El Bofe era escoria ardiente. El residuo tóxico que dejó tras de sí la combustión de un alma atormentada. Tibia sonrisa bajo mirada aviesa. Un tipo gris, enfermizo, cuya actitud taimada y sigilosa hacía recomendable mantenerse alejado de su letal mordedura. Pese a su frágil naturaleza, el oscuro don que le otorgó la vida permitió que de inofensivo carcelero pasara a convertirse en dueño y señor de la prisión militar.
Tenía la capacidad de robar el oxígeno a sus víctimas. Virtud inaudita y aterradora que asiduamente ponía en práctica como macabra diversión. Su profunda y prolongada aspiración absorbía el aire de los condenados, arrancándoles la vida en una lenta y diabólica succión. Los cuerpos se contraían entonces en posturas imposibles. Sus rostros, ebrios de muerte, dibujaban extrañas muecas que encarnaban la dramática firma del adiós.
A su lado se percibía el vacío. Era la parca enfundada en la piel de un don nadie. Un ser mediocre que el destino llevó a más. Poder en manos de un endémico despreciado. Su mayor satisfacción consistía en ridiculizar públicamente a los reos cuando sufrían erecciones provocadas por la tenebrosa capacidad que lo hacían diferente. El último bastión erguido al desplomarse sus cuerpos inertes. Acto seguido los cercenaba y mostraba victorioso ante una silenciosa audiencia escéptica con su futuro.
Nadie quería acercarse a él. Presos, guardas y superiores trataban de parecer invisibles a sus inquisitivos ojos. Una mirada errónea disponía fácilmente al óbito. El terror generalizado le permitió convertirse en alcaide de esta espantosa cárcel ubicada en medio de ninguna parte.
Durante meses, la numerosa población reclusa ejerció de productiva despensa para las apetencias del gobernador de la plaza. Nutritivas existencias que colmaban los pulmones de alimaña que dieron origen a su apodo. La siniestra dupla filtraba la humanidad y desechaba lo perverso.
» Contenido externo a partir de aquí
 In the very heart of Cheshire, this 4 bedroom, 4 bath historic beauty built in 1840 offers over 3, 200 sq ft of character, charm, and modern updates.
El mal alimentándose del bien. Porque el Bofe inhalaba esperanzas y exhalaba odio y desesperación. Sentimientos estancados entre gruesos muros que en poco tiempo generaron una densa y fantasmal atmósfera. El smog del abismo.
Hasta que hace una semana me tocó a mí, su fiel lugarteniente. Mudo fedatario de cientos de asesinatos. Un cargo de confianza que no sirvió para librarme de sus ignotas y siempre atroces intenciones. Frente a frente, apuntándonos a los ojos, hasta que un guiño cómplice indicó la llegada de su mortífera aspiración. Sin embargo y con amarga sorpresa, tras inhalar varias veces le resultó imposible vaciar mis pulmones. Tuvo que intentarlo una vez más, destinando a ello todas sus fuerzas.
Aspiró tan fuerte que junto al oxígeno consiguió arrastrar momentáneamente un esbozo de mi alma. Una simple muestra que le desencajó el rostro y reventó el corazón. Cayó agonizante a mis pies mientras lo despedía con una sardónica sonrisa. La criba de sus pulmones generó sombríos despojos que inhalé durante meses como único superviviente de sus crímenes. El diablo se aparta ahora a mi paso. Y en esta prisión militar olvidada de la mano de dios, los supervivientes añoran ya los tiempos del Bofe.